[YOUR INSTRUCTIONS]
Pictures must not appear in the copy. Reproduce exactly, and only, the lines from the one with "Cobertura, 3 quartos, 287 m² - Foto 4" through the end of the data below.

[PROVIDED DATA]
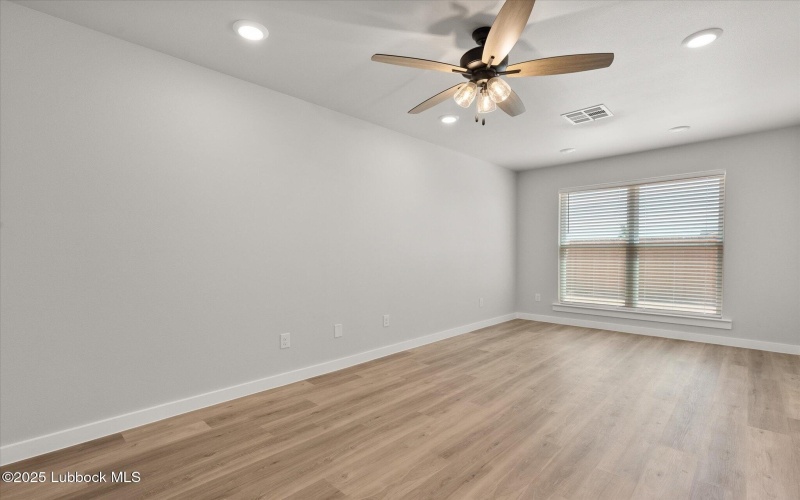 14505 Paris Avenue, Lubbock, TX 79423, 3 Habitaciones Habitaciones , ,2 BañosBaños,Residential,En Venta,14505 Paris Avenue,202555897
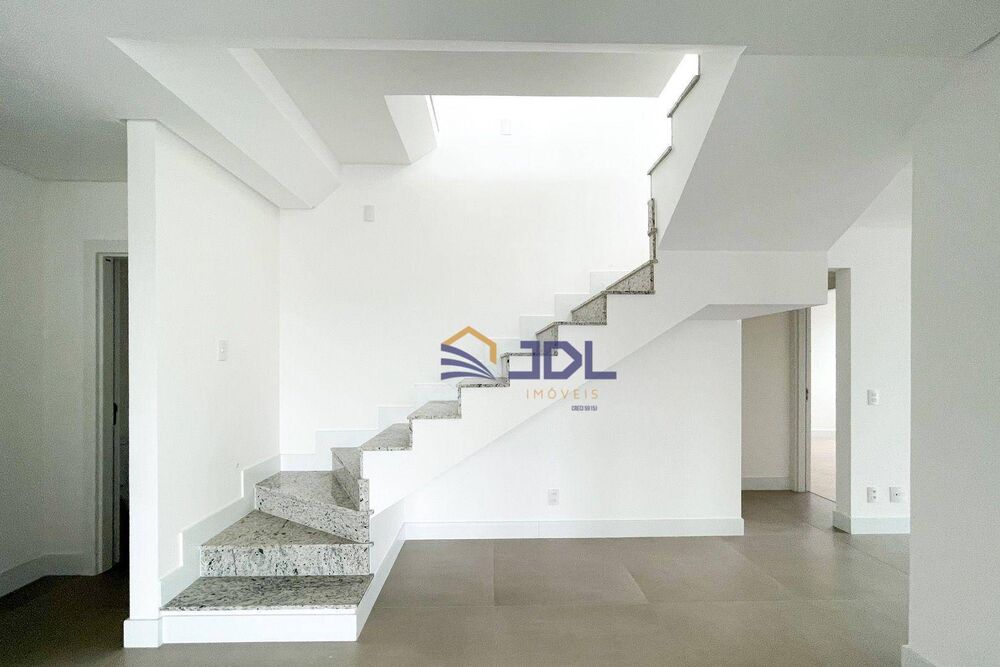 Cobertura, 3 quartos, 287 m² - Foto 4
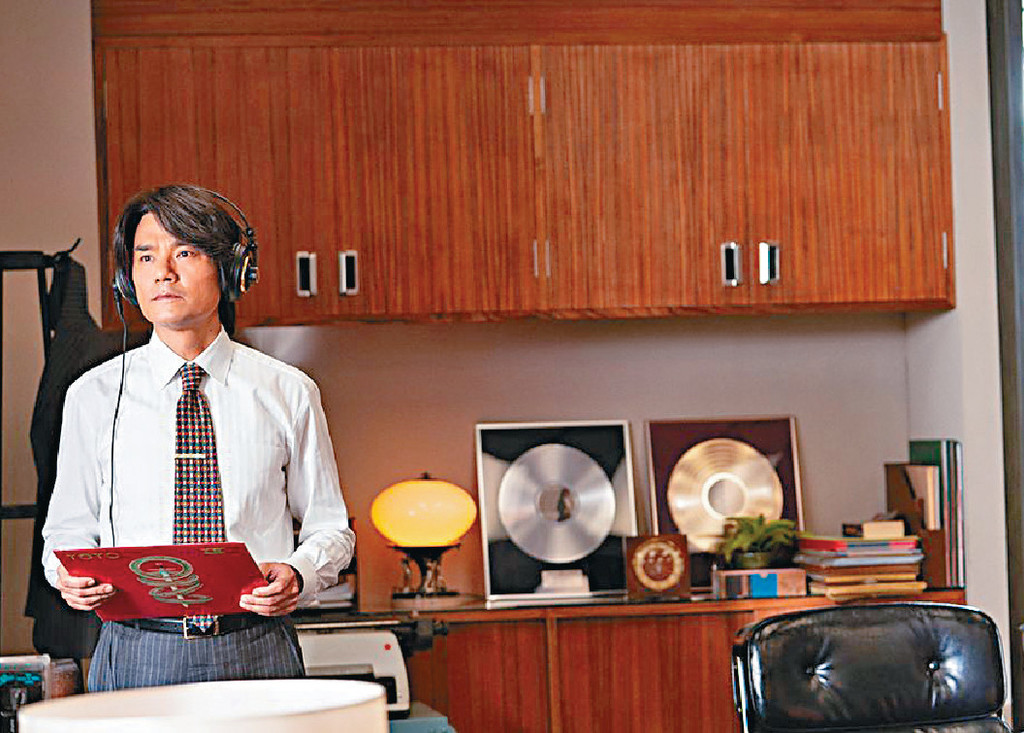 ■家棟最欣賞這個華星唱片辦公室場景,恍如進了時光隧道。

[RESULT]
 Cobertura, 3 quartos, 287 m² - Foto 4
 ■家棟最欣賞這個華星唱片辦公室場景,恍如進了時光隧道。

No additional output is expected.